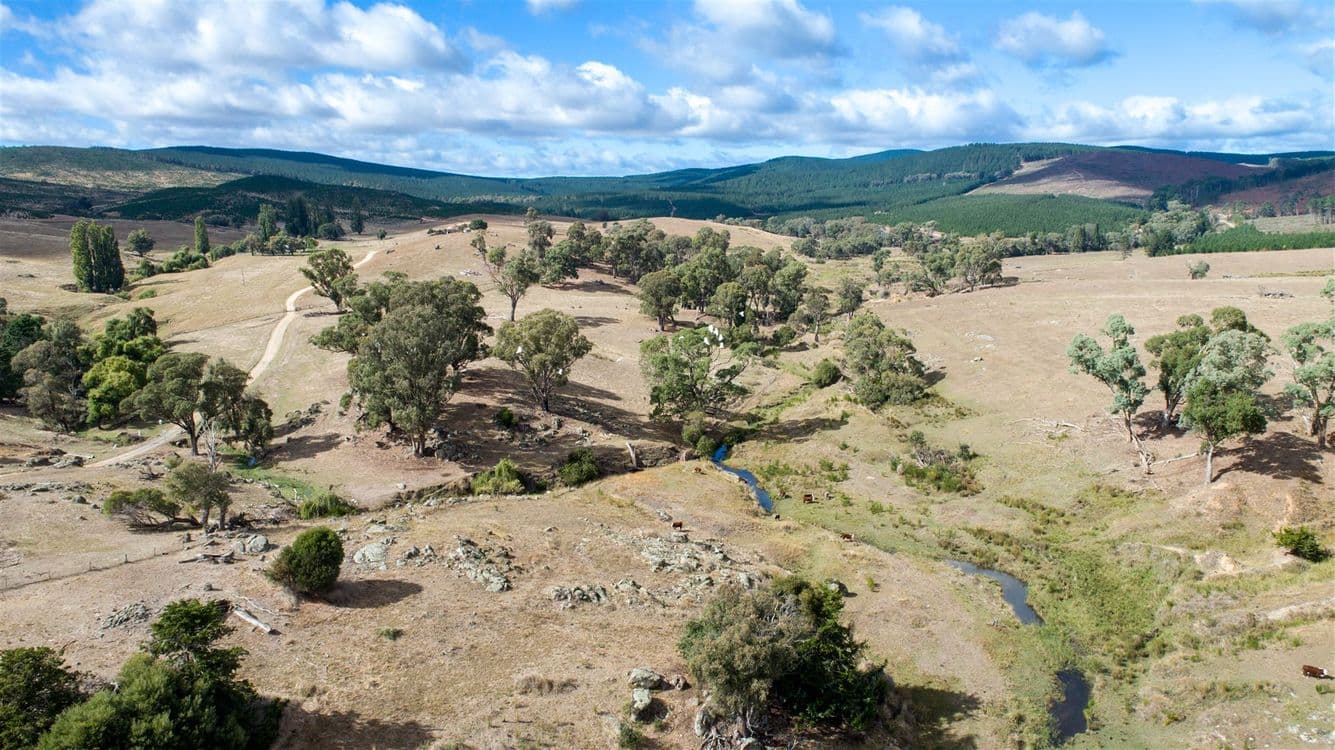 Sharps Creek, Sharps Creek Rd via, Adelong, NSW 2729, Sharps Creek Rd Via - Thumbnail 6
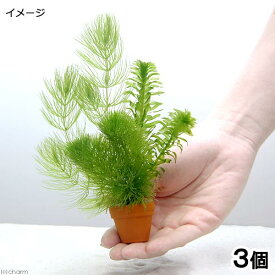 楽天市場 金魚 水槽 レイアウト おしゃれの通販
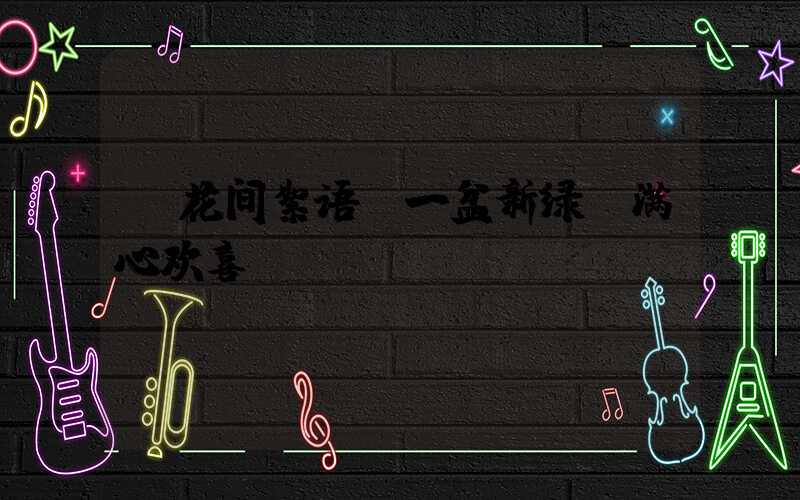 《花间絮语：一盆新绿，满心欢喜》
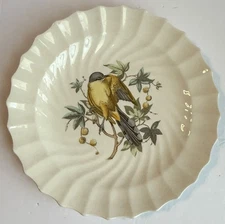 SPODE china AMERICAN BIRDS pattern DINNER plate #11 Maynard’s Cuckoo 10-1/2"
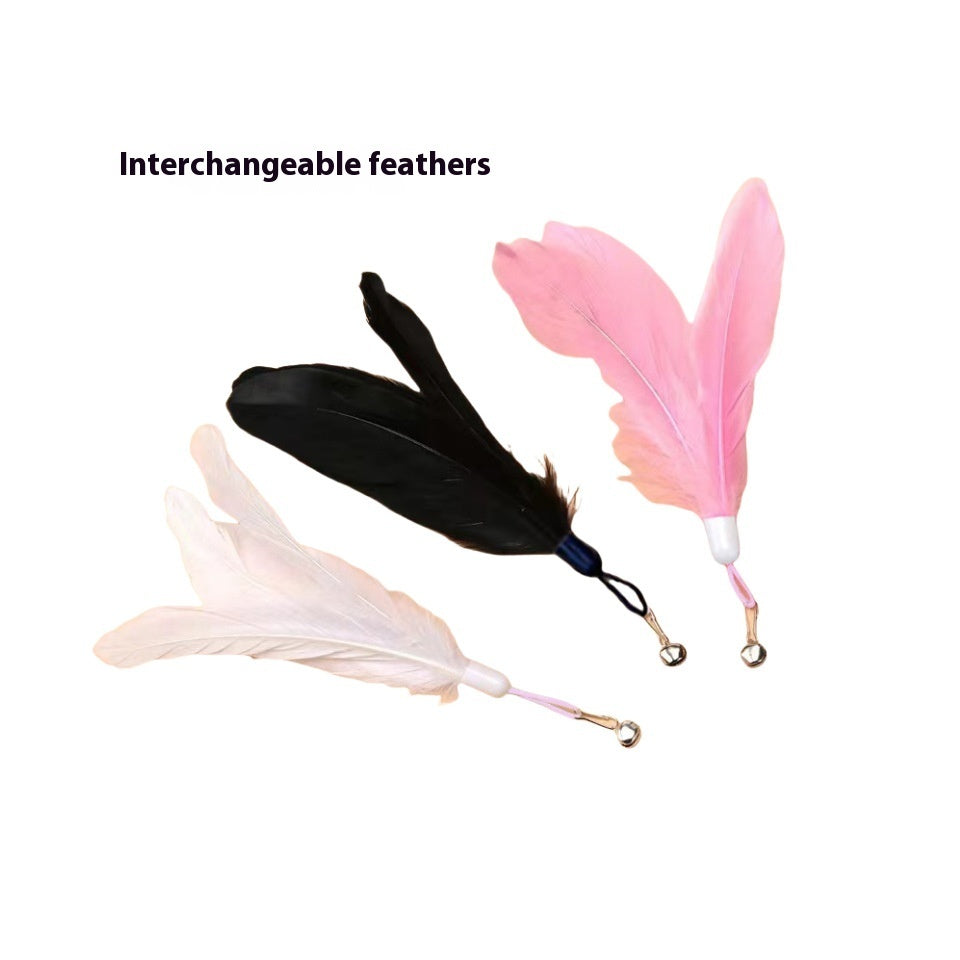 Cat Teaser With Bell Long Brush Holder Suction Cup Self-Hi Bite-resistant Feather 4db052e8 7164 4474 9a8a 9f63a6d4e70e trans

** Problem details **
In the records above, find the line that contains "楽天市場 金魚 水槽 レイアウト おしゃれの通販", then write it out along with every line after it, exactly, through the last one. Leave the pictures out.

** Expected answer **
 楽天市場 金魚 水槽 レイアウト おしゃれの通販
 《花间絮语：一盆新绿，满心欢喜》
 SPODE china AMERICAN BIRDS pattern DINNER plate #11 Maynard’s Cuckoo 10-1/2"
 Cat Teaser With Bell Long Brush Holder Suction Cup Self-Hi Bite-resistant Feather 4db052e8 7164 4474 9a8a 9f63a6d4e70e trans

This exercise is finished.